BIMCO noted that the macroeconomic environment remains uncertain, with significant trade policy changes and geopolitical tensions affecting market conditions. In April, the International Monetary Fund (IMF) reduced its global economic growth forecast to 2.8% for 2025 and 3.0% for 2026, a decrease of 0.5 and 0.3 percentage points, respectively.
Particularly, the growth outlook for North America has been lowered due to the increase in US import tariffs.
"Despite the weaker economic outlook, cargo volumes during the first four months of the year have been strong and grown 5.1% YoY," said Rasmussen.
Front-loading of cargo to the US to avoid the higher import tariffs threatened for later in the year has contributed to this growth. However, cargo volumes to four out of seven regions have grown even faster.
"For the rest of the year, we have lowered the North America import cargo volume growth forecast as we expect the second half of 2025 to be weaker due to the front-loading of cargo during the first half of the year," the analysis said. "We now forecast an average annual growth rate for North American imports of 1.6% during 2025-2026, the lowest among all regions."
"On the other hand, we have lifted our 2025 growth forecast for volumes into the Europe & Mediterranean region. Volumes to the region have grown 7.3% during the first four months of the year, and economic conditions are improving," BIMCO said, adding that lower inflation, lower interest rates, lower unemployment than before COVID and a stronger euro are all contributing to a brighter outlook.
"Overall, the container shipping market is navigating through a complex landscape of trade policies, economic conditions, and geopolitical tensions.

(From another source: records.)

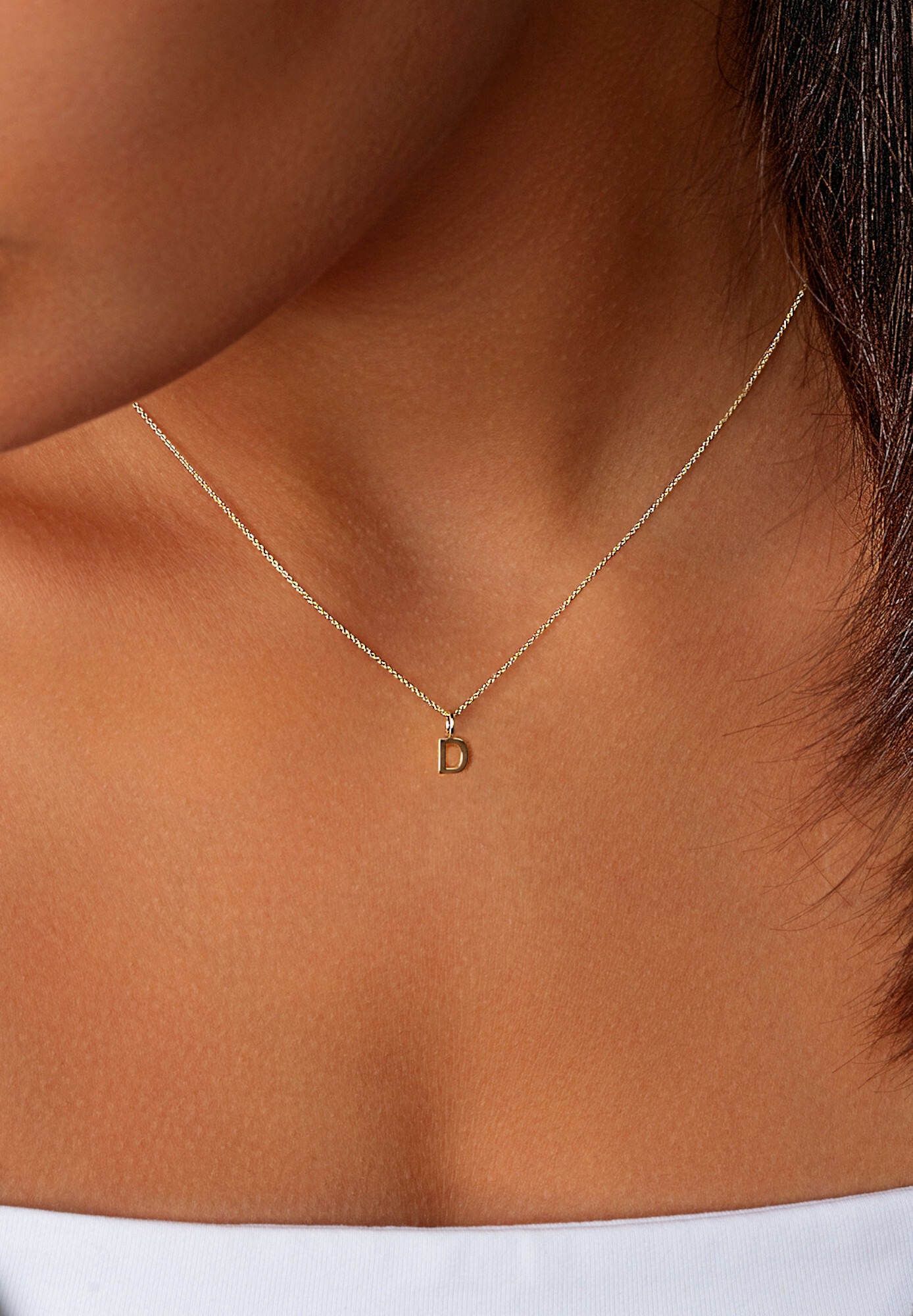 ONE ELEMENT Kettenanhänger »Buchstabe D Buchstaben Anhänger aus 333 Gelbgold«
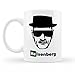 Tazza Heisenberg ispirata da breaking bad, serie tv, gadget in ceramica, Walter White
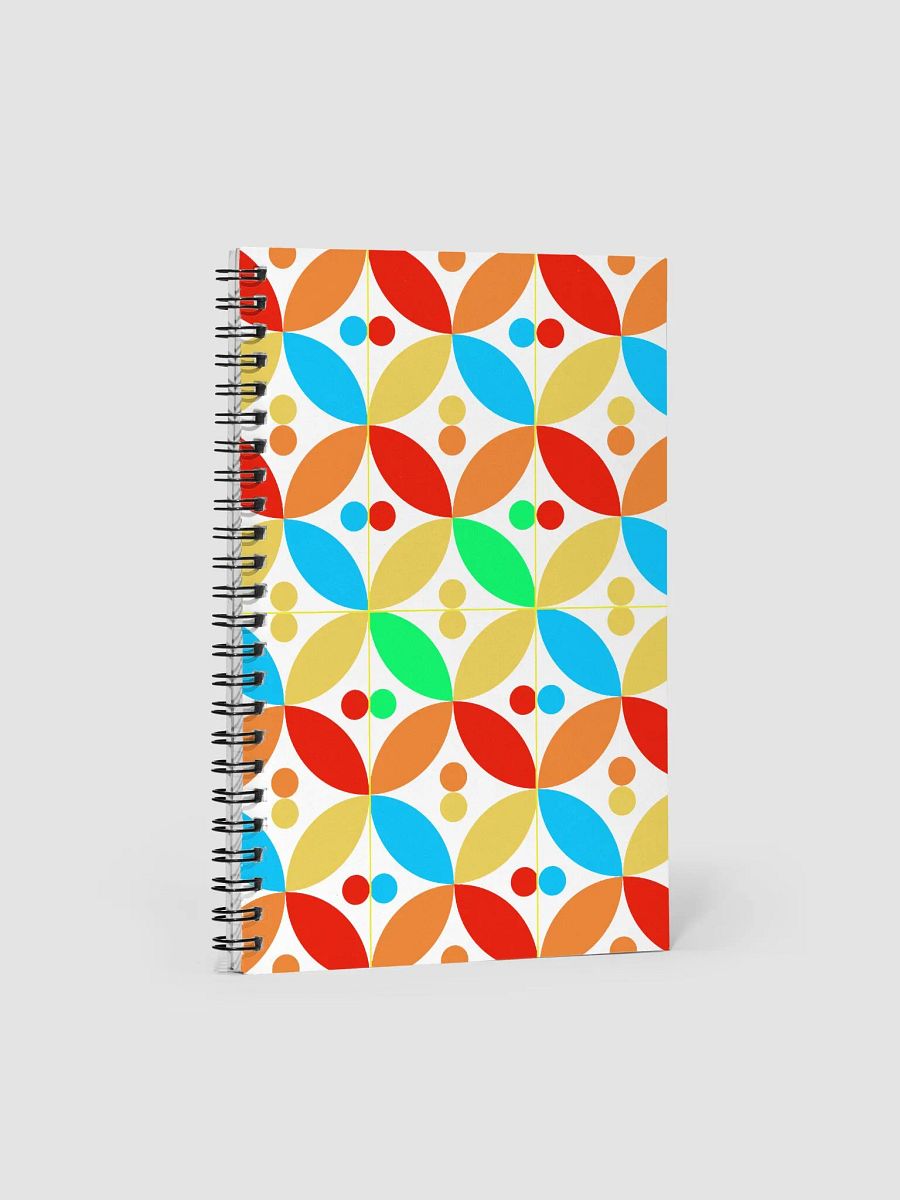 Colorful Geometric Pattern Design Spiral Notebook product image (1)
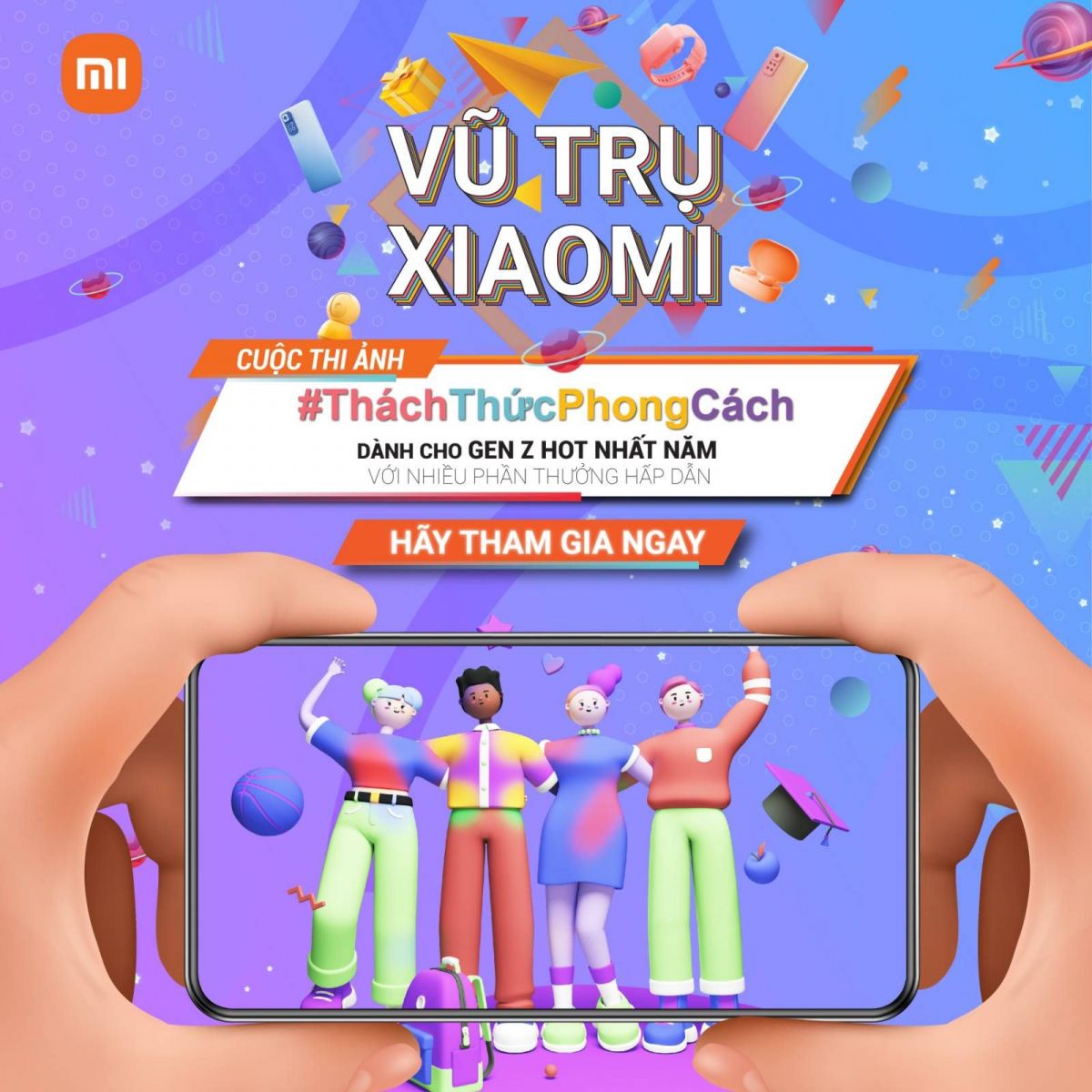 Xiaomi Campus Tour tổ chức cuộc thi online dành riêng cho sinh viên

Significant demand uncertainties, therefore, still exist. As an example, we estimate that a return to normal routings through the Red Sea and Suez Canal would lower ship demand by 10%," Rasmussen said.
"In our base case, we expect weakening of the supply/demand balance during the second half of 2025 and expect freight rates to retreat accordingly. In 2026, we anticipate a further, albeit less pronounced, weakening of freight rates and the supply/demand balance," he added.